Purpose
A Creation of European Technical Committee on “Data management, dataspaces, cloud and edge” would strengthen the application of important legislative acts under preparation or in force in Europe, as stated in various EC policy initiatives aim to “create a single European data space – a genuine single market for data, open to data from across the world – and where personal as well as non-personal data, including sensitive business data, are secure and businesses also have easy access to an almost infinite amount of high-quality industrial data, boosting growth and creating value, while minimising the human carbon and environmental footprint ... [and] where EU law can be enforced effectively, and where all data-driven products and services comply with the relevant standards of the EU’s single market”, according to Communication from the European Commission "An European strategy for data".
The implementation of the above-mentioned EC strategy led to many legal and technical-policy initiatives that should require supporting standardization documents.
Concerning "Data", important legal frameworks are proposed or adopted in Europe, like:
• Data Governance Act (DGA) to provide a regulatory framework for accessing government data (B2G)
• Data Act (building on DGA) to provide a business regulatory framework (B2B)
• GDPR compliance with GDPR Data Protection principles for personal data privacy with a regulatory framework DPO supervision / admin in the AI Act
• Digital Market Acts (DMA) focus on data interoperability to avoid monopolistic practices impacts the data act. Could require standardization e.g. for algorithmic fairness and data-handling.
• Digital Services Act (DSA)
• Interoperable Europe Act, laying down measures for public sector interoperability.
These frameworks connect to and interwork with the AI Framework (AI Act, AI Product Liability directive), the Cybersecurity Framework (NIS2, Cyber Resilience Act), the Cloud Certification Scheme (EUCS) and ENISA Cybersecurity Certification schemes. The EU Rolling Plan for ICT Standardisation 2023 (RP 2023) identifies "Data Economy" as a foundational driver for Europe’s "Digital Transition" supported by key enablers such as "Cloud and Edge Computing", "Big data, open data public sector information" that, in the RP2024 now under development, will be more focused on “Data interoperability”.

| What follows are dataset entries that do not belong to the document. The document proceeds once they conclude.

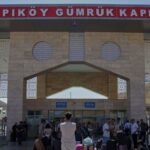 Ιρανοί αναζητούν καταφύγιο στην Τουρκία: «Σκοτώνουν αδιακρίτως, δεν έχετε ιδέα τι γίνεται», λένε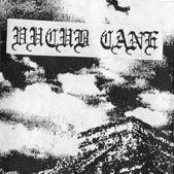 Voices of the Mourning Demo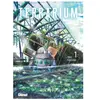 Glénat Terrarium - Tome 01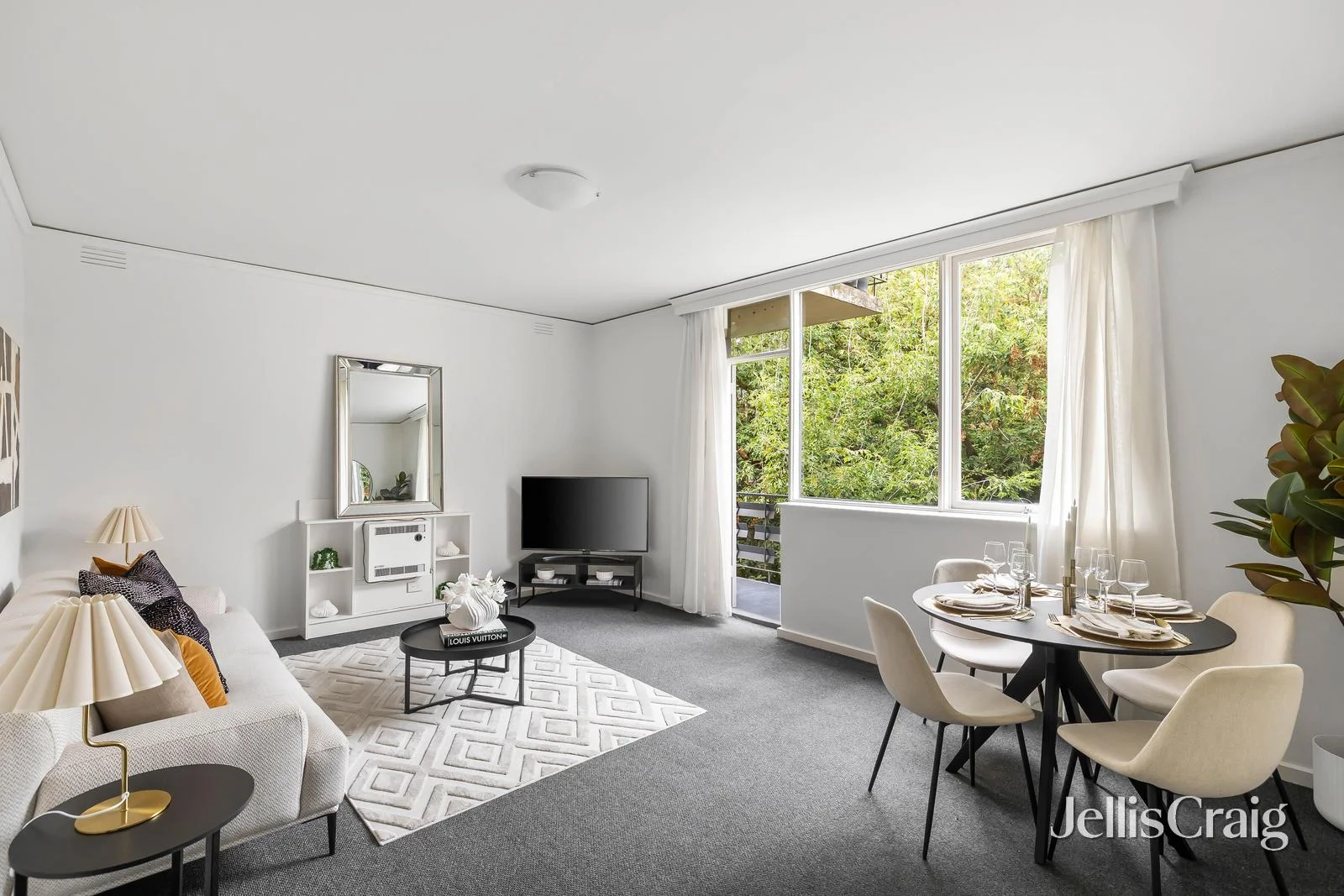 14/36-38 Elphin Grove, Hawthorn VIC 3122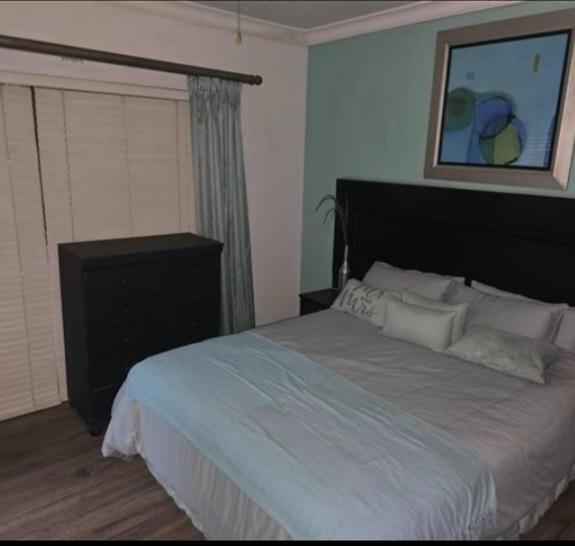 3 Bedroom Property for Sale in Kempton Park Gauteng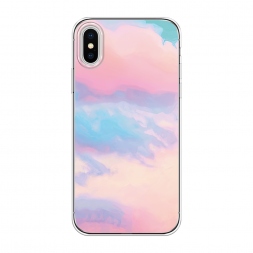 ����������� ����� ������� ������ �� iPhone X (10)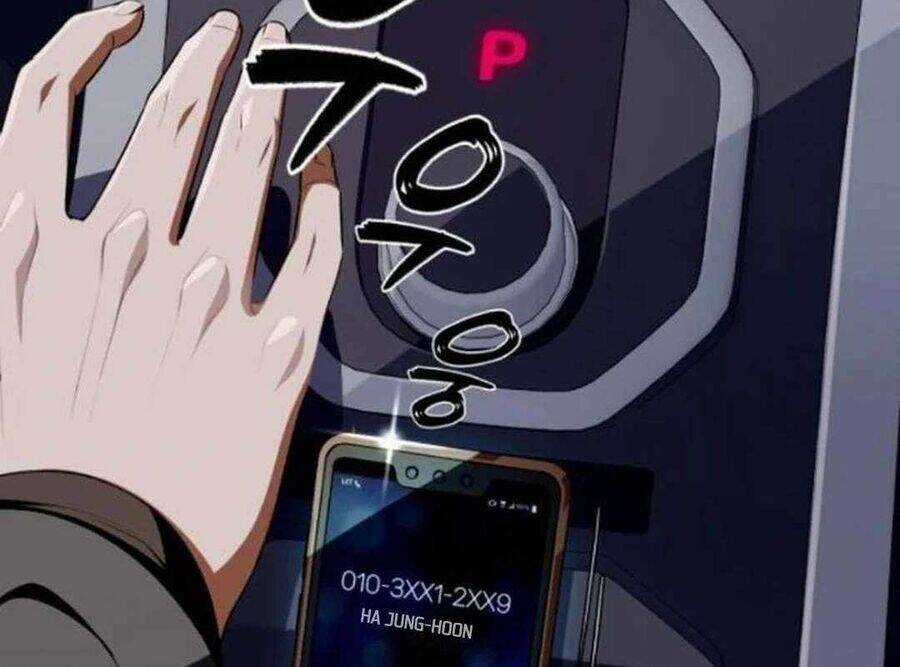 Lừa Đảo Bằng Giọng Nói Làm Đảo Lộn Cuộc Sống Của Bạn Chương 12 trang 12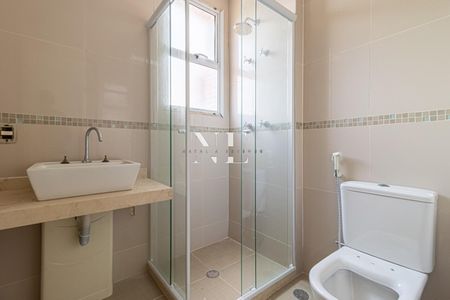 38_photo/94ce031a11.c3f00cfadba54684-ATLAS-5f52b2ec-ae3b-4370-9c64-99ddcede504e.jpg de apartamento à venda com 4 quartos, 257m² em Gonzaga, Santos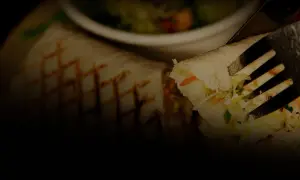 Opinie o Armenia Grill: Czy warto spróbować tej restauracji?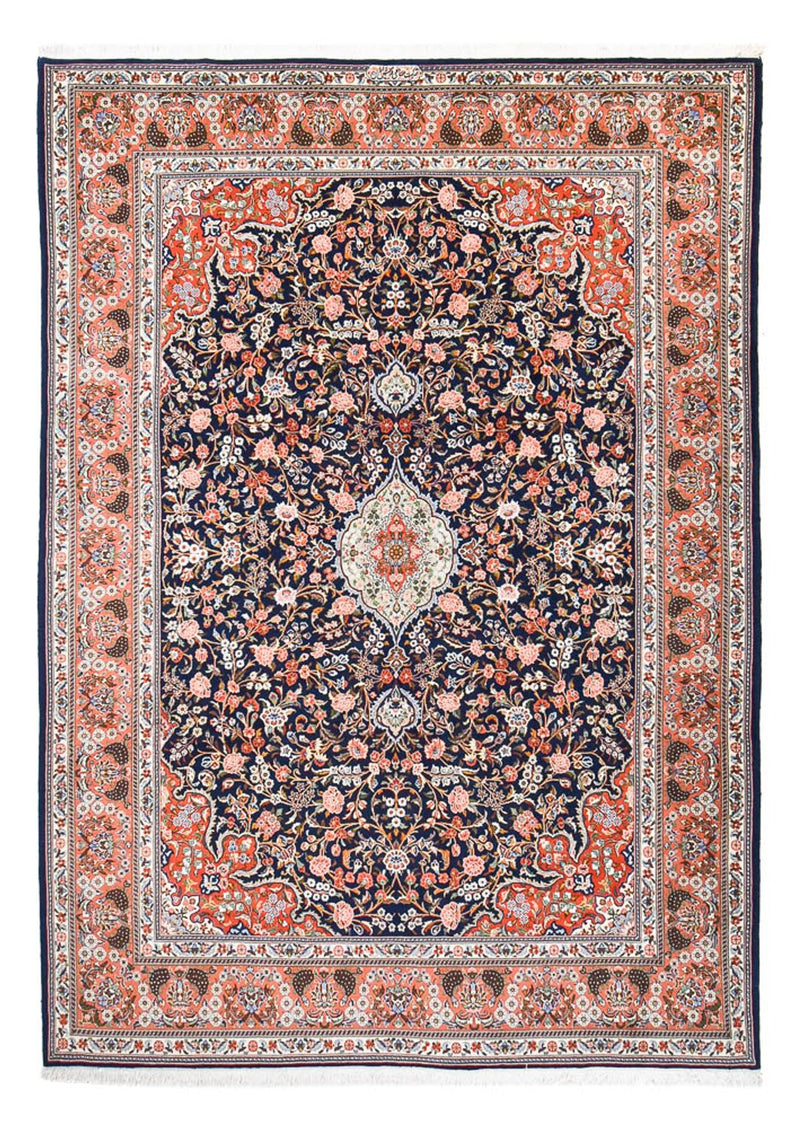 Tappeto Persero - Classico - Reale - 380 x 274 cm - multicolore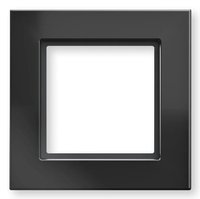 eQ-3 AG HomeMatic 162148A1 Schwarz HomeMatic 1 Stueck e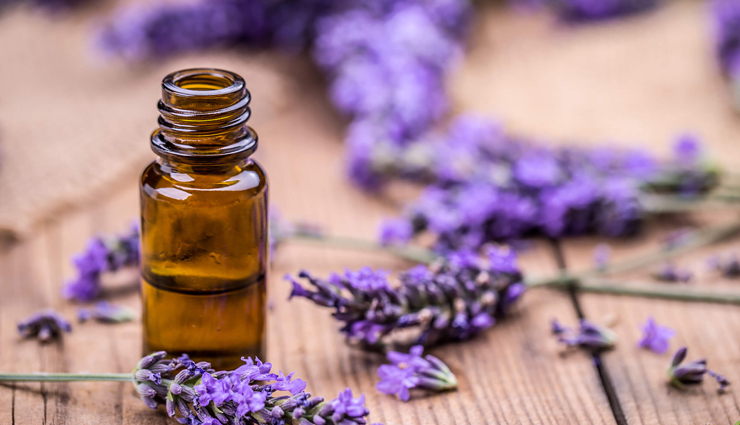 atheles foot,essential oil for atheles foot,Health tips,fitness tips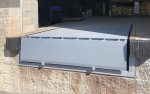 Hydraulic Pit Leveler - Models H68R & H78R - Image 10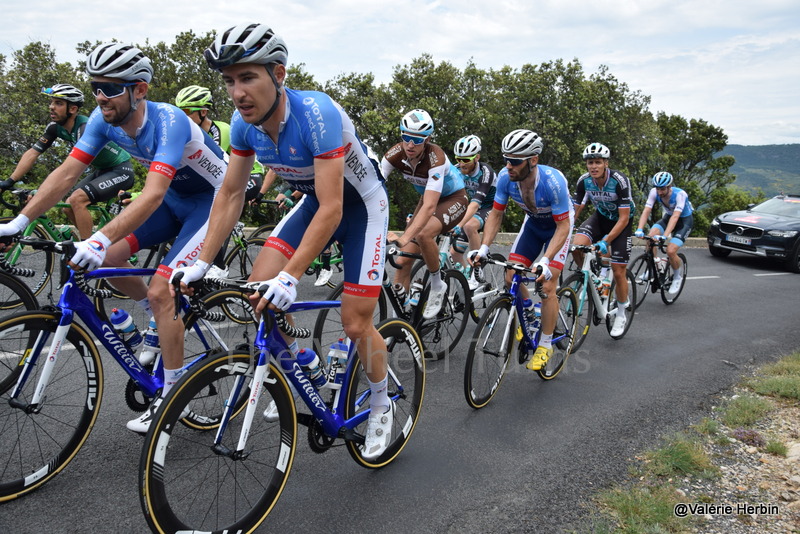 Tour d'Occitanie 2019 by V.Herbin (14)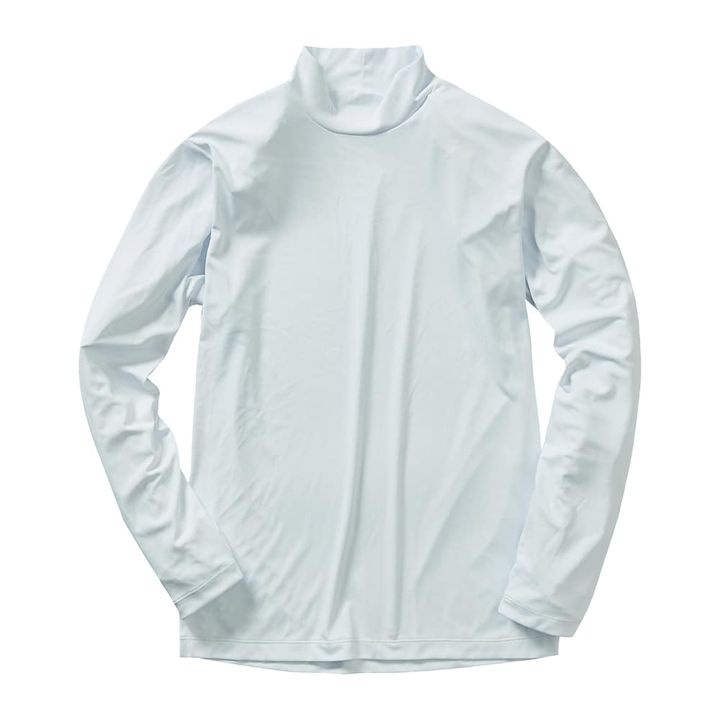 画像1: 出典：WORKMAN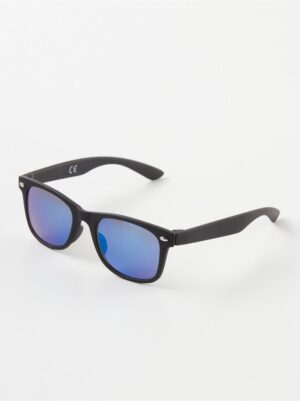 Wayfarer sunglasses - 8340218-80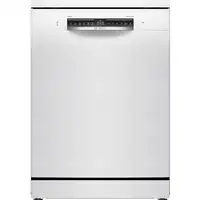 Lavavajillas 14 place settings Bosch Serie 4 SMS4HVW14E BOSCH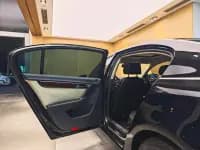 2013 Volkswagen Passat 3.0FSI Flagship — миниатюра 22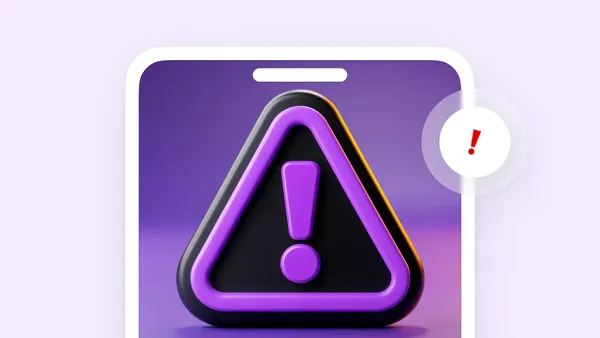 Can You Get Banned for Buying Instagram Followers and Likes?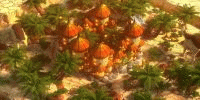 Miniature du serveur SheroniaMC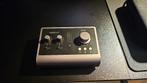 Audient ID14 MKII Audio interface, Ophalen of Verzenden, Zo goed als nieuw, Overige merken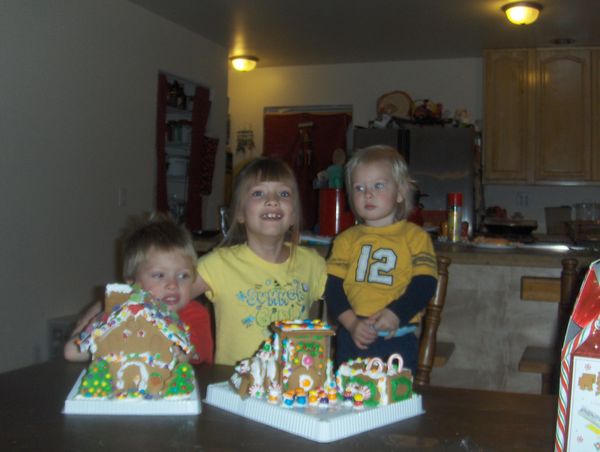 NovemberII2008 081.JPG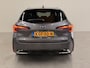 Toyota Corolla Touring Sports Hybrid 180 Executive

The RP2023 clearly point out the need for standards that support the European data strategy and Digital Transformation and it calls clearly for standardization activities, addressing:
• availability of data, imbalances in market power, data interoperability and quality, data governance, data infrastructures and technologies, data lifecycle (collection, record keeping, archival and long-term preservation of information) as focal policy initiatives and needs for the data economy.
• portability of cloud services, interoperability, data protection and management of multiple clouds.
• the edge/cloud X-continuum paradigm and standardisation challenge - embracing the notion of computing continuum, where the right compute resources are placed at optimal processing points.
• DCAT-AP (W3C's Data Catalogue vocabulary – Application Profile), with a direct invitation, since RP2020, to coordinate with W3C some specific standardization activity, as well as the other vocabularies provided by the former ISA2 programme.
The RP 2023 refers clearly to create a link with standardization and open source on these topics and to ISO/IEC JTC 1 (e.g. cloud architecture).
The proposed new TC will identify/develop specific technical standards related to Data management, Dataspaces, Cloud and Edge that support and encourage the "widespread" adoption of digitisation, a "Single Digital Market” of industry within the EU. The objective is to support greater efficiency, productivity and competitiveness of EU industry and its full integration in global digital market.
-Examples of benefits will be:
-to reduce costs compliance and market entry barriers;
-to align this context with the support of standardisation, enhancing innovation and competitiveness, particularly in data-driven sectors.
-thanks to harmonised rules for dataspaces interoperability, to facilitate seamless data exchange, create business opportunities by enabling data utilization across sectors and strengthen the Single Market.